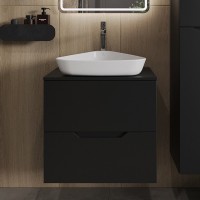 Тумба с раковиной Orange Line 60 подвесная, 2 ящика, матовая черная с раковиной B07-500W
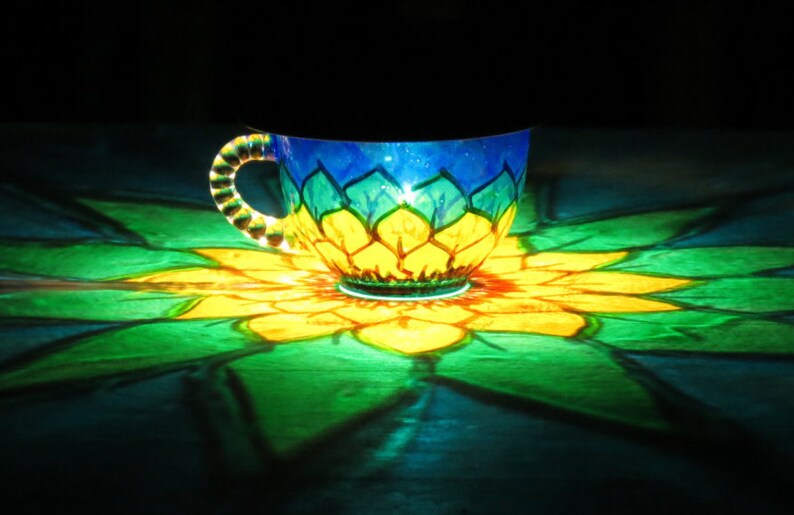 Solar Sunflower Painted Teacup Luminary Lantern Reclaimed Image 0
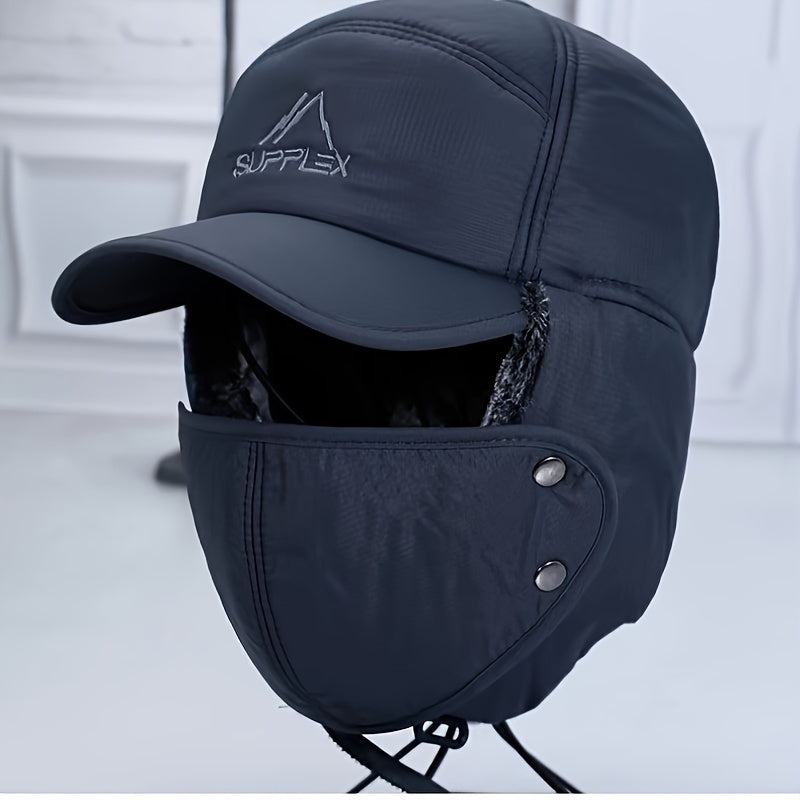 Thermal Hat with Ear Flaps and Detachable Face Mask for Winter Sports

● Task
Should there be pictures in the data, leave them out and return the rest exactly.

● Answer below
 Тумба с раковиной Orange Line 60 подвесная, 2 ящика, матовая черная с раковиной B07-500W
 Solar Sunflower Painted Teacup Luminary Lantern Reclaimed Image 0
 Thermal Hat with Ear Flaps and Detachable Face Mask for Winter Sports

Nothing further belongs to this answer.